Regarding your alternative of using the $\in$ relation. I’m not too fond of that. In this case, the $\in$ relation takes $x \in R^\times$ to $\mathsf{unit}(x)$. You need to remember how $R^\times$ is defined to figure out what $\in$ actually means. That’s just a sneaky way of mapping proof-irrelevant mathematics into proof-relevant mathematics. There is no point in doing proof-relevant mathematics if it’s done that way. I do see your point that one way to formalize my in-between solution is to have $(x,y) \in R^\times$ map to $x\cdot y =_R \mathsf{I}$. That’s neat but there is nothing there to suggest that I had an a priori reason for doing that.

• François G. Dorais replied to Toby Bartels

Actually, since I also had to explain my a priori reason for dropping the path component, there may be more merit to using $(x,y) \in R^\times$ than I thought. It is a more explicit way of forgetting the path coordinate without contaminating the intensional theory with bits of extensionality.

I’m still not feeling great about this. The $\in$ relation is just a kludge to eliminate the set builder notation – $x \in \set{x : A \mid P(x)}$ is defined as $P(x)$ – and the set builder notation is already something I was trying to avoid. More importantly, there is also the temptation to use it to forget things that are actually useful…

• François G. Dorais replied to Toby Bartels

I added a note explaining this. You’re completely right about this but I still have a hard time with it. This is magnified by another problem I was dealing with: to find a good way to handle partial functions. The confounding thing is that a partial function is $F$ actually equal to its domain of definition $D$, what’s even more confusing is that $F(x)$ is also equal to $x \in D$! Most of the time, I think that’s pretty neat, but it also gives me some bad headaches…

• François G. Dorais replied to Toby Bartels

After thinking about this some more, I decided to actually write out three variants of the proof, one spelling out the paths, another using $\in_{R \times R}$, and a third using $\in_R$ (which is really just the classical proof recast in HoTT).

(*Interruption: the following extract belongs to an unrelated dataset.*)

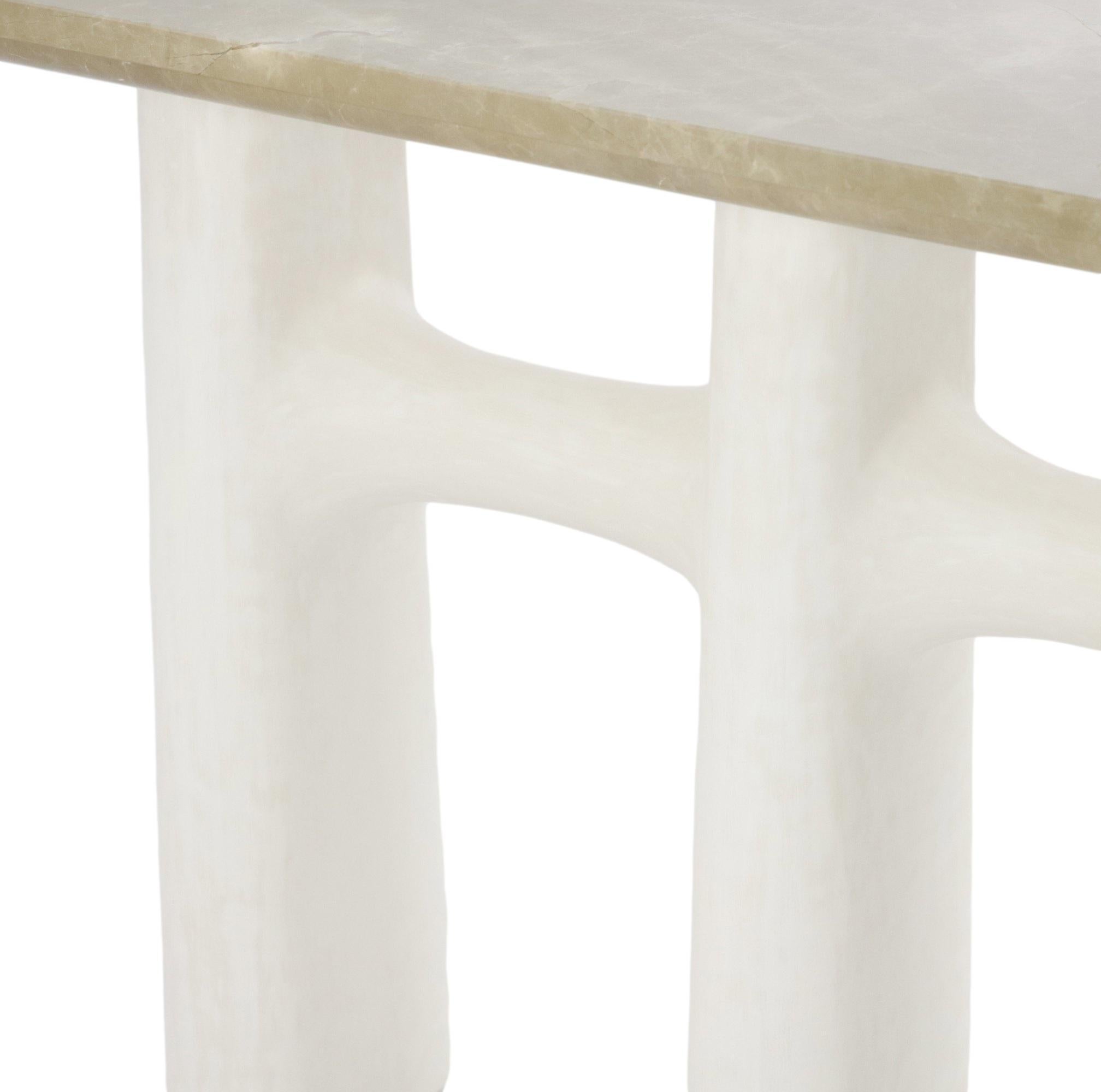 Marmo Console contemporanea con gambe intonacate e piano in marmo in vendita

I will insert these at the end of the post when I’m done typing them so that I can compare all three and see the pros and cons of each.

• François G. Dorais wrote

My favorite is Version 1. My main problem is that it was harder to write since I wanted to minimize the effect of the paths. I also hated wasting valuable letters to name these paths. This is probably just me, but it was hard to resist computing the paths in my head as I was composing the proof. Summary: this is fantastic for reading, but not for writing.

Currently, Version 0 and Version 2 are tied for second place. The basic arguments are identical, so there is no distinction there. Version 2 does correct the error of Version 0, but it introduces a new one. In the end, writing $(x,y)\cdot(y,x) =_{R^\times} (\mathsf{I},\mathsf{I})$ is technically incorrect. The operation $\square\cdot\square$ is on $R^\times$, not on $R \times R$. One could argue that the same error is in Version 0, but there $(x,y)$ abbreviates $(x,y,p):R^\times$, so this usage is consistent with the local conventions. The other drawback of Version 2 is that the group operations are defined by specifying each individual value, I prefer the expressions in Version 0.

• Toby Bartels replied to François G. Dorais

Version 1 really gives the flavour of fully proof-relevant mathematics, albeit at the cost of ultimately irrelevant verbiage. I wonder if you might rewrite ‘A slightly longer argument shows that this works even without the commutativity assumption.’ as ‘A slightly longer construction of q shows that this works even without the commutativity assumption.’ in that version. (That sentence was also left out of Version 3, I assume accidentally.)